Ma la nostra presenza fisica rischierebbe di essere fatale per il popolo; se noi andassimo lì, infatti, il governo farebbe della nostra presenza un evento politico e subito verremmo chiamati a presentarci a Leer presso il governo.

Se noi andassimo, saremmo facilmente usati come esca per attirare il popolo Nuer tra le grinfie dell’SPLA; il governo annuncerebbe al popolo Nuer del nostro arrivo e la gente andrebbe fuori dalle paludi e dalle isolette dove si nascondono e sarebbero facilmente imprigionati e fatti fuori. Già in questi mesi, il governo ha comunicato alla gente che i missionari stavano arrivando (notizia totalmente falsa) esortandoli ad andare a preparare la chiesa con l’obiettivo di far uscire la gente fuori dai loro nascondigli ed eliminarli.

Se noi rifiutassimo l’invito del governo, l’ira dell’esercito contro questi “missionari ribelli” si schianterebbe contro il popolo innocente che ne pagherebbe le conseguenze tra violenza e distruzione. La gente di Leer, ci ha chiesto di mandare dei catechisti per battezzare i loro figli che da 2 anni muoiono senza battesimo.

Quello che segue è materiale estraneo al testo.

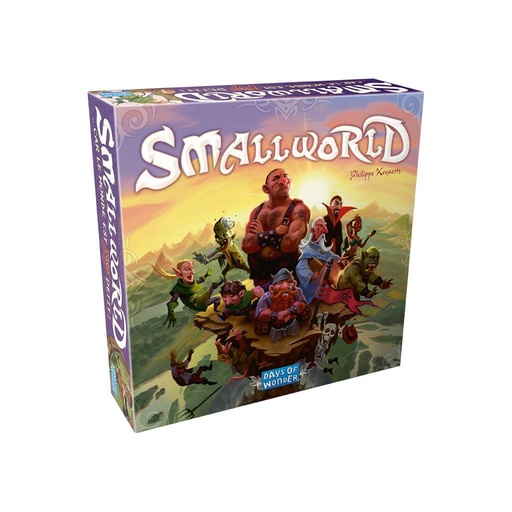[SMALLWORLD] Smallworld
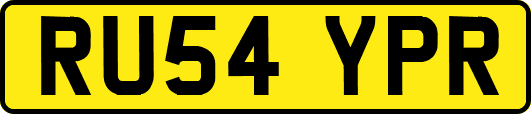 RU54YPR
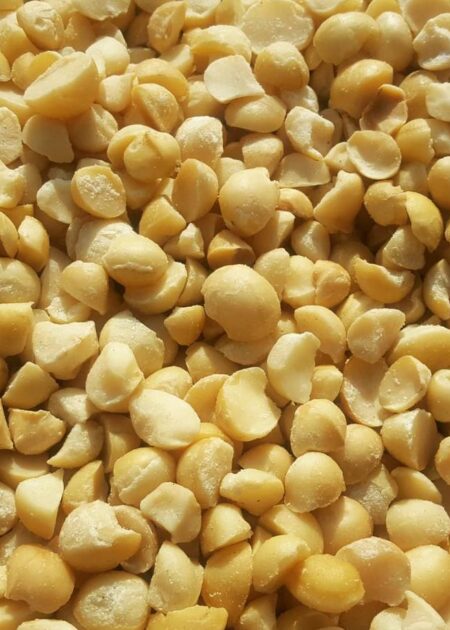 Macadamia Halves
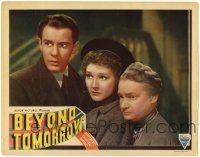 1r483 BEYOND TOMORROW LC R46 Richard Carlson, pretty Jean Parker, Maria Ouspenskaya!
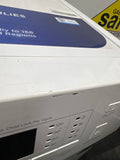 Midea MDG09EH80/1 - White 8KG Heat Pump Condenser Dryer - A++ energy - Unboxed
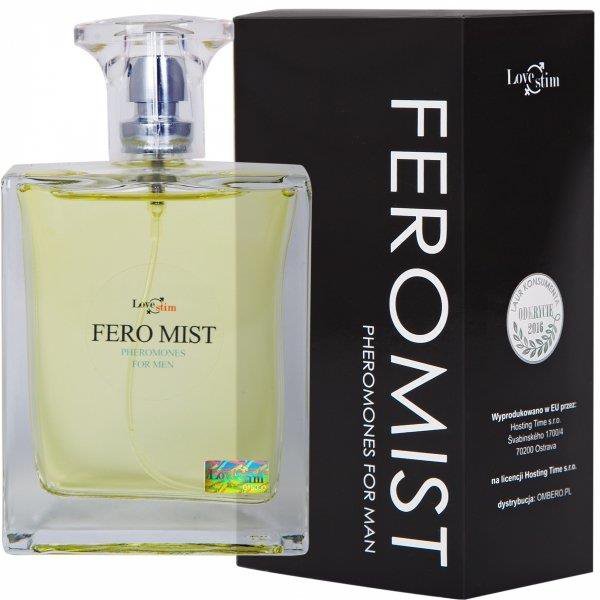Męskie perfumy z feromonami Feromist NEW 100 ml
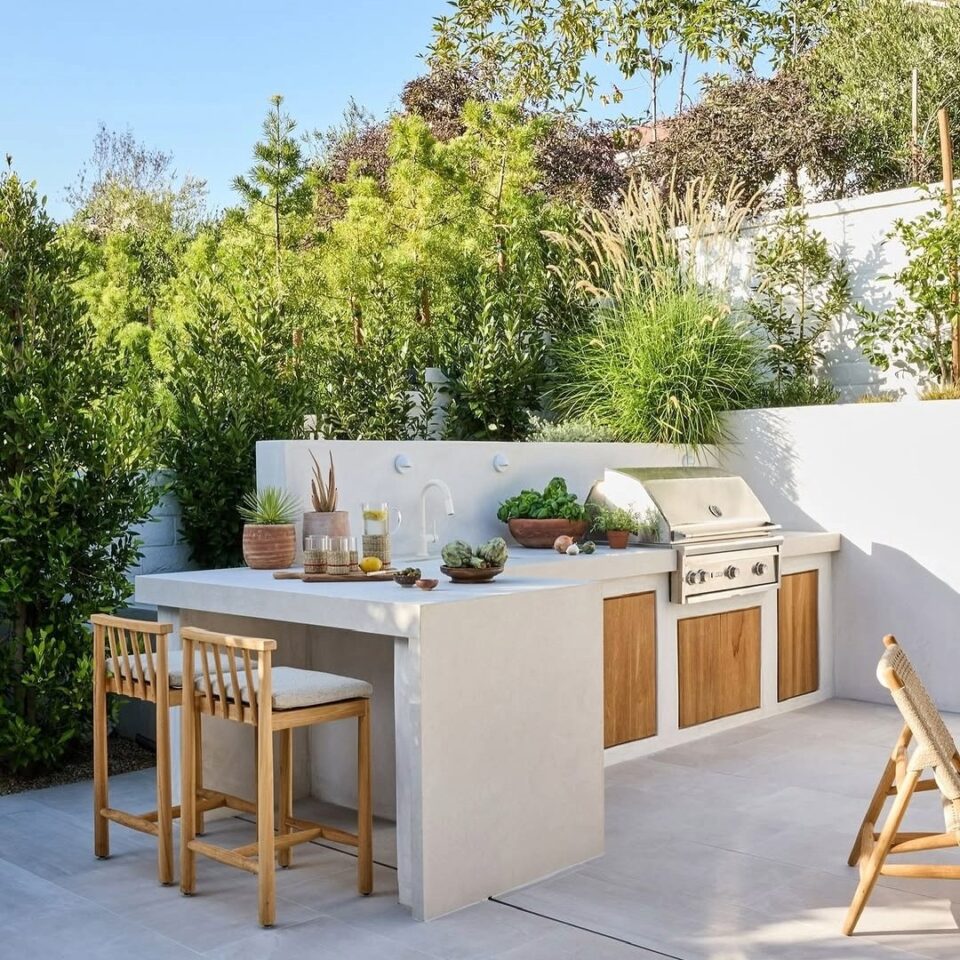 28 Rustic Kitchen Outdoors Ideas for 2026 That Make Guests Ask Who ...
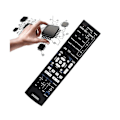 Miniatyrbilde 4 av 5: Axd7565 Erstatningsfjernkontroll for Pioneer Vsx-324-k Axd7565 Vsx-819h Vsx-828-s Vsx-921 Hjemmekino Audio Video Receiver System Black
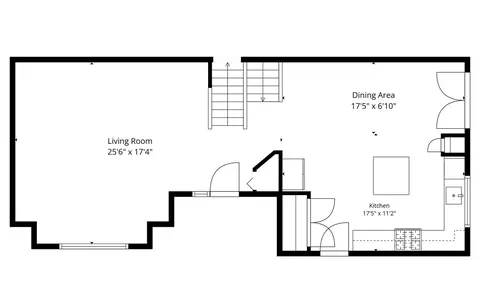 Floorplan - 2317 Gray Hawk Dr, Plainfield, IL 60586 photo 1 of 5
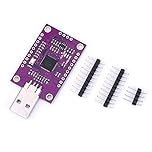 Yosoo Health Gear USB to UART I2C SPI JTAG Serial Converter Adapter Module, CJMCU FT232H High Speed Multifunction USB to JTAG UART/FIFO SPI/I2C Module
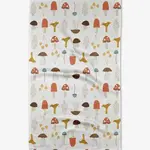 Geometry Foraging Tea Towel | Geometry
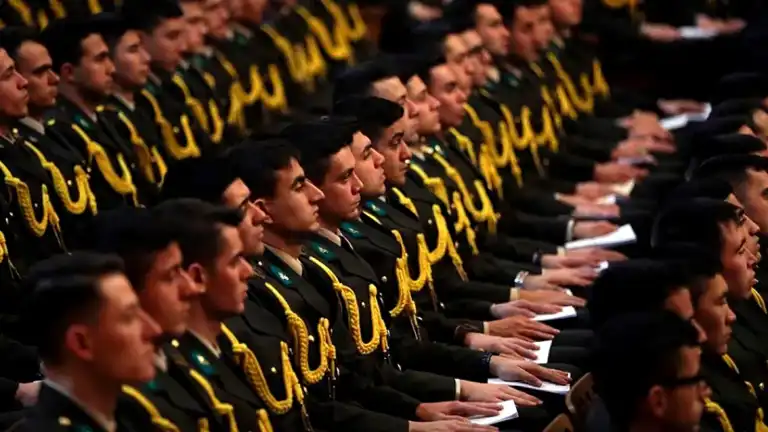 Harp Okulları ve Astsubay MYO Tercihleri Uzatıldı!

La sofferenza del popolo fa del mio cuore un cuore lacerato. Sento la mia impotenza e piccolezza davanti ad un Impero di guerra e violenza. Nello stare qui con questo popolo, nel toccare questo Corpo di Cristo martoriato e violentato, sento crescere nel mio cuore una sete di pace come mai nella mia vita. Le parole di Gesù: “Vi lascio la pace, vi do la mia pace”, diventano qui fontana viva di speranza. Leggere la Parola con gli occhi del popolo perseguitato trasforma la vita, tocca il cuore; senti davvero che questa Parola si incarna.

Nonostante la nostra piccolezza, il popolo, anche il più sofferente, è super felice del nostro semplice stare con loro. Dicono che siamo per loro segno tangibile della presenza di Dio con loro. Dicono che siamo speranza vera per loro e segno concreto che il Papà non li ha abbandonati.

È incredibile come l’essere semplicemente qui dia questa gioia e speranza ad un popolo ingiustamente oppresso.

È incredibile il rendersi conto di come Dio agisce attraverso il nostro piccolo e semplice stare tra i più poveri ed abbandonati.


È incredibile il vedere che il semplice “sedersi” col popolo perseguitato genera vita e nuova fiducia. Continuo a credere nella presenza viva di Gesù in mezzo a questa gente. Loro sono davvero il Corpo di Cristo. Il Dio dei poveri si identifica, cammina e r-esiste con loro.

Alla fine di questa Quaresima di fame e violenza, ostinatamente continuiamo a sperare nella Pasqua. Offro me stesso, la mia vita e la mia piccola presenza per la salvezza, la pace e la Vita piena del mio popolo in Sud Sudan.